El llamado del comandante Hugo Chávez a iniciar la “revolución bolivariana” recibió entusiasta recibimiento en una izquierda que después de la caída del Muro de Berlín estaba huérfana, a la búsqueda de alternativas anticapitalistas. Se produjo así una fuerte revalorización del populismo, considerado por muchos sectores progresistas como expresión de una política de izquierda dado que sus programas contemplan medidas sociales y económicas que favorecían a los sectores populares. Ernesto Laclau, en La razón populista (FCE, 2005) hizo una defensa cerrada del populismo, a pesar de ser consciente de que ese discurso en Europa era sostenido por los partidos de ultraderecha. Para Laclau, “no hay populismo sin una construcción discursiva del enemigo”. De este modo adhiere a las tesis de Carl Schmitt, para quien la distinción específica, aquella a la que pueden reducirse todas las acciones y motivos políticos, es la distinción amigo-enemigo. Téngase en cuenta que para Schmitt en Teología política (FCE, 2001) “los conceptos de amigo y enemigo deben ser tomados en su significado concreto, existencial, y no como metáforas o símbolos; no deben ser mezclados y debilitados por concepciones económicas, morales y de otro tipo, y menos que nada ser entendidos en sentido individualista-privado, como expresión psicológica de sentimientos y tendencias privadas”. La consecuencia de introducir esta visión teológica en la política es que da pie a la negación de la posibilidad de alternancia, dado que los enemigos carecen de legitimidad para alcanzar o conservar el poder. Esto a su vez explica por qué tanto en Venezuela como luego en Nicaragua se modificaran las constituciones para conseguir presidencias vitalicias, siguiendo el ejemplo de Fidel Castro en Cuba.

 

Populismo como reverso de la democracia

El surgimiento de populismos de ultraderecha en América Latina obliga a las izquierdas a hacer una reconsideración de las tesis que conducen al autoritarismo. Como señalaba Benjamín Arditi en El populismo como periferia interna de la política democrática (texto incluido en la compilación de Francisco Panizza El populismo como espejo de la democracia, FCE,2009), dada la capacidad del populismo para perturbar la política democrática, puede llegar a convertirse en el reverso de la democracia: “El culto a la personalidad puede transformar a los líderes en figuras casi mesiánicas, para quienes la rendición de cuentas no constituye una cuestión relevante, y el desprecio populista por el equilibrio de poderes puede alentar el ejercicio del gobierno por decreto y toda clase de comportamientos autoritarios, manteniendo al mismo tiempo una fachada democrática. Además, la distinción maniquea entre la buena gente común y las elites corruptas puede convertirse en una excusa para utilizar tácticas represivas contra adversarios políticos, y la invocación continua a la unidad del pueblo puede usarse como medio para disipar el pluralismo y la tolerancia”. Consideraciones que, como puede advertirse, resultan aplicables tanto al régimen de Maduro en Venezuela como al mesianismo estrambótico de Milei en la Argentina.

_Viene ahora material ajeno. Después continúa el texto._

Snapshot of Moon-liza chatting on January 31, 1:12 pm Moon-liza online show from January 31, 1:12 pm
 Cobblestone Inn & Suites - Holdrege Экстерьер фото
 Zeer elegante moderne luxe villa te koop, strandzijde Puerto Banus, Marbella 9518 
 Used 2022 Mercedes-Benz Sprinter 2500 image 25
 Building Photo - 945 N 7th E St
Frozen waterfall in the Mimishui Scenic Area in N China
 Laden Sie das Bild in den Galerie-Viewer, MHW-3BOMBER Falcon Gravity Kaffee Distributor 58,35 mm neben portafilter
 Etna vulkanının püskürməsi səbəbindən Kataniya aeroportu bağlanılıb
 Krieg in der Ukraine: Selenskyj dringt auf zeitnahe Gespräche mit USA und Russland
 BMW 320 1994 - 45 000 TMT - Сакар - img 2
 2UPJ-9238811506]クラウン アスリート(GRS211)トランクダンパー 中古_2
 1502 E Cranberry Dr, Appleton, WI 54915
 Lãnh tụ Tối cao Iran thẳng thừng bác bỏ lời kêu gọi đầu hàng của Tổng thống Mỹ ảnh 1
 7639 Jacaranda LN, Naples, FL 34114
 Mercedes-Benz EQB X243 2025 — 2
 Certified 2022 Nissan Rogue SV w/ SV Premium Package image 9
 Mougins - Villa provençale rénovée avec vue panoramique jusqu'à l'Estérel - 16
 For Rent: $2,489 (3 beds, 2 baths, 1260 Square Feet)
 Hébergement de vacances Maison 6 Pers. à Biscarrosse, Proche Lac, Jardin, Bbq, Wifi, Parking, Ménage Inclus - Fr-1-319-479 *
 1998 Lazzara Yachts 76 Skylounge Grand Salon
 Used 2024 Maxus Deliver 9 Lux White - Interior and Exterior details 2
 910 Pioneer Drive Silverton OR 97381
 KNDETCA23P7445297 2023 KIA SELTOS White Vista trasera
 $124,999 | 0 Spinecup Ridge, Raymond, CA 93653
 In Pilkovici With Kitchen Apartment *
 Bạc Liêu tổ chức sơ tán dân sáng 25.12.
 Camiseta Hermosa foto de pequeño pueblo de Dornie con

La democracia, más que como un régimen imperfecto, debe concebirse como un simple método para cambiar de gobierno evitando el derramamiento de sangre. Esa posibilidad de alternancia lleva implícita la idea de que es posible mejorar y perfeccionar el orden social siempre que se consiga una hegemonía consistente dispuesta a sostener esos cambios sin imposiciones violentas. La izquierda que abraza la democracia no puede quedar atada a viejos dogmas y aparecer defendiendo regímenes que bajo una pátina socialista representan autocracias basadas en rancios mesianismos. Como señala Boric, la izquierda democrática debe salir en defensa de los derechos humanos sin importar quien los vulnere y abandonar nostalgias inconducentes, recordando que el error no consiste en equivocarse, sino en seguir obstinadamente atados al error.